同社は米国時間2月1日、この装置をシアトルにある他のAmazonの店舗にも導入すると発表した。これにより、Amazon Go(アマゾン・ゴー)のコンビニエンスストア、Amazon Go Grocery(アマゾン・ゴー・グローサリー)、Amazon Books(アマゾン・ブックス)、Amazon 4-star(アマゾン4スター) を含む、合計8つのAmazonの実店舗でこのシステムを利用できるようになる。

同日より、シアトルのマディソン&マイナーにあるAmazon Goの店舗で、Amazon Oneシステムが入店時オプションとして追加される。今後数週間のうちに、5th&MarionとTerry&Stewartにある2つのAmazon Goストアにも展開される予定だと同社は述べている。これでシアトルの8店舗にこのシステムが導入されることになり、今後数カ月の間には米国の他の都市への拡大も期待される。

説明されているように、Amazon Oneシステムは、コンピュータビジョン技術を使用して、顧客ごとに固有の掌紋を読み取るもので、これをアマゾンは初期設定時に顧客が挿入したクレジットカードと関連づける。顧客はAmazonアカウントを持っていなくてもサービスを利用できるが、アカウント情報を関連づけると、Amazonのウェブサイトで買い物の履歴を見ることができるようになる。
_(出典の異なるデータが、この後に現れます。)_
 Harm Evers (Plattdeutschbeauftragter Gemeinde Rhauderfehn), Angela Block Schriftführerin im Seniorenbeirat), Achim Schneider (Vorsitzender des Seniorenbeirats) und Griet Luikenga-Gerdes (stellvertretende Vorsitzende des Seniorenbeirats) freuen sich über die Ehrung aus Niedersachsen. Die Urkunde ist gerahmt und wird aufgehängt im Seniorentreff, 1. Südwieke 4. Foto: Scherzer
Amazonによると、掌紋の画像は暗号化されてクラウド上で保管され、顧客の手のひらによる署名が作成されるという。手のひらの画像だけでは顧客の身元を特定できないため、掌紋は他の本人確認の方法よりもプライベートな生体認証の形式であると、このシステムの発表時にAmazonは主張していた。

しかし、もちろんAmazonは単に手のひらの画像を保存しているだけではない。手のひらの画像を顧客のアカウントやクレジットカードと照合し、効果的に顧客の生体認証データベースを構築しているのだ。また、そこから収集した買い物履歴などのデータを利用して、後に顧客の買い物傾向に合ったおすすめ商品を紹介したり、キャンペーンなどを提供することができる。

このシステムは、Amazonのより大きな計画に対する疑問も提起する。過去に同社の生体認証の使用は、かなり物議を醸してきたからだ。Amazonは、米国の法執行機関に顔認証サービスを販売していたが、同社の顔認識技術はプライバシー侵犯で訴訟の対象となった。Amazon傘下のセキュリティカメラ会社Ring(リング)は、警察との提携続けている。ユーザーデータのプライバシーに関しても、Amazonは慎重ではない。たとえばユーザーが音声ファイルを削除しても、Alexaの音声データを保存し続けるといった具合だ。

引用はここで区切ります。